Isn’t it interesting that we feel like victims when we feel that misfortune has visited us. In that moment, we forget that nothing is all good or all bad. We forget that we have options available to us and each of those options, as Thomas Sowell (opens in a new link)l the economist says, represent tradeoffs.

In other words, there are advantages and disadvantages associated with each option, the only question is “Which of these options serves me the best?” The realization that nothing we experience is all good or all bad…that everything we experience represents a combination of advantages and disadvantages should preclude us from feeling that we are victims.

Not fair

What we perceive as misfortune often leaves us feeling that life isn’t fair…that if life were fair, we would not be experiencing what we’re experiencing. The obvious retort to this sentiment is “Upon whom should this misfortune be visited?”

Most of us would say “No one.” The follow up question is “Who is exempt from misfortune?” Again, most would say “No one.” So if everyone experiences misfortune of some sort, then why do you say that life is unfair?

Flip side of why me

Interestingly, we never ask “Why me?” when good fortune befalls us. If we do, the question is often accompanied by thoughts of the good we’ve done…implying that to some degree we’ve earned this good fortune.

We also don’t think that life’s unfair when we experience good fortune when others don’t. We may hope that they too experience good fortune, but we don’t feel that life is unfair when they don’t. Indeed, we may think that they too could enjoy our good fortune if they worked a little harder or a little smarter.

What next implications

The “What next?” question recognizes the randomness, and unpredictability, of life. It accepts the fact that nothing is all good or bad; only tradeoffs. This mindset also recognizes that what we experience, however good or bad it might seem, is merely a situation that presents choices and we get to choose how to deal with the experience.

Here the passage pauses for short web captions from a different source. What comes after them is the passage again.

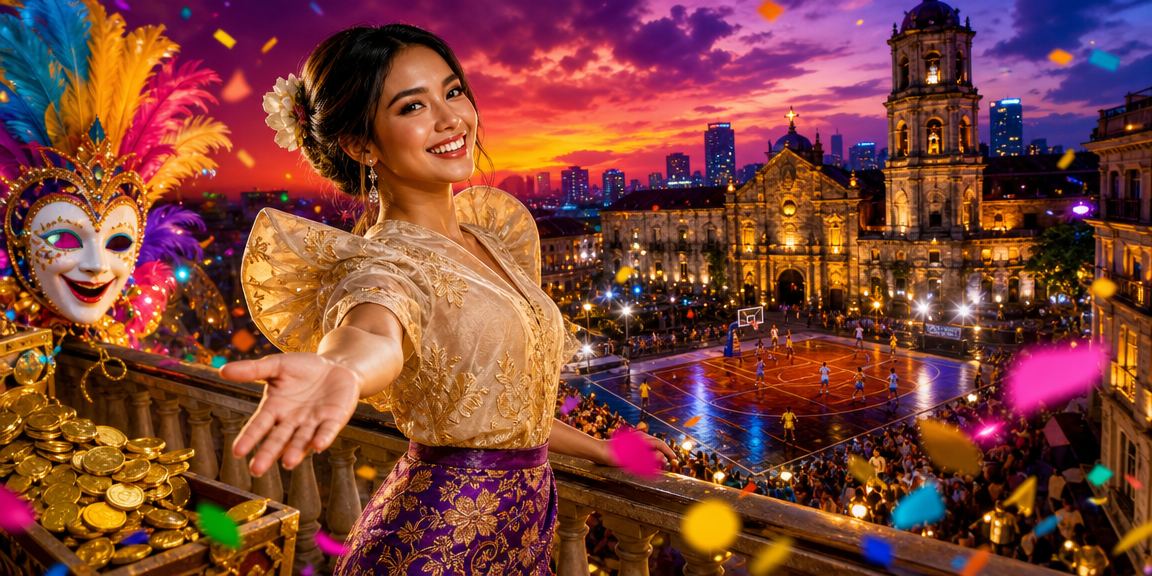 bar777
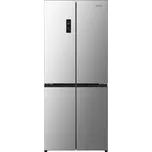 Gorenje NRM819E61X 20016889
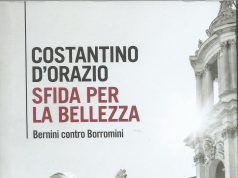 Sfida tra due giganti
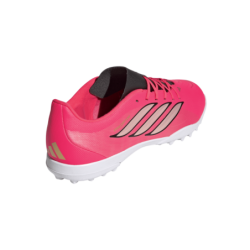 Zapatillas de fútbol adidas P4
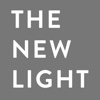 The New Light. Daniel Rybakken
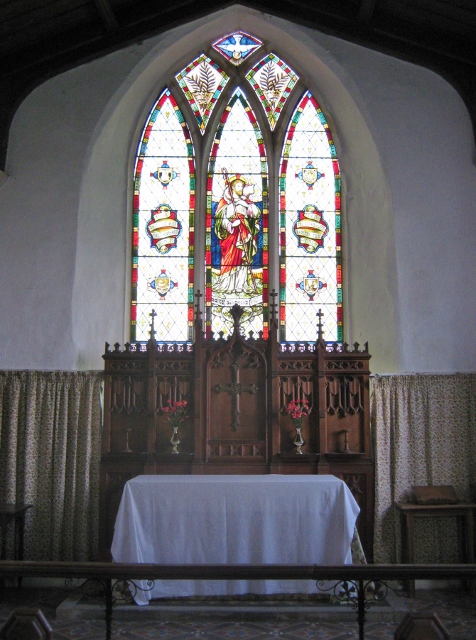 IMG_4380Altar and East Window (476x640)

Those who respond with “Why me?” choose to view themselves as victims who have been treated unfairly. Consequently, they don’t see the options available to them. Because they don’t see these options, they don’t have the opportunity to evaluate them or choose from them.

Let’s be clear; “Why me?” is a choice…one made subconsciously rather than consciously. Better choices are almost always the ones made consciously. That’s true because they’re made unemotionally, after objective analysis, and after having evaluated the tradeoffs each option affords.

Now that we have a sense for the advantages of thinking “What next?,” let’s see how we can form the habit of thinking that way.

For you

Each morning, shortly after rising, remind yourself that whenever you’re faced with a challenge, something that you may feel is misfortune, you’re going to pause, allow your emotion to wane, then ask “What next?”

You’ll be amazed at how quickly you get answers to that question. You’ll also be amazed at how simple the solution is and how easy it is to implement.

Each evening, shortly before retiring, review your day. Pay attention to the successes you had in dealing with the day’s challenges and “misfortunes.” Also recall those instances when you weren’t as successful as you’d hoped to be and ask “What will I do differently when situations arise in the future?”

If you do this daily for a week or two, you’ll find that “What next?” has become your default way of thinking. That’s when your life becomes much easier and much, much more enjoyable.

For our kids

When the kids in your life ask “Why me?” ask them “What next? What are you going to do to deal with this situation?” By asking this question, you’ll shift their thinking from that of being a victim to being someone who’s in control of their lives…who has choices available to them and the right to choose among the options available to them.

You can supplement these questions with messages that highlight the fact that victims remain at the mercy of what life presents while what-next-minded people shape their lives regardless of what they experience. What differentiates a victim from a what-next person is the choice they make. Let your kids know that it’s up to them to either choose to be a victim or to shape their own lives. They’ll be forever grateful to you for teaching them that “Why me?” is the wrong question.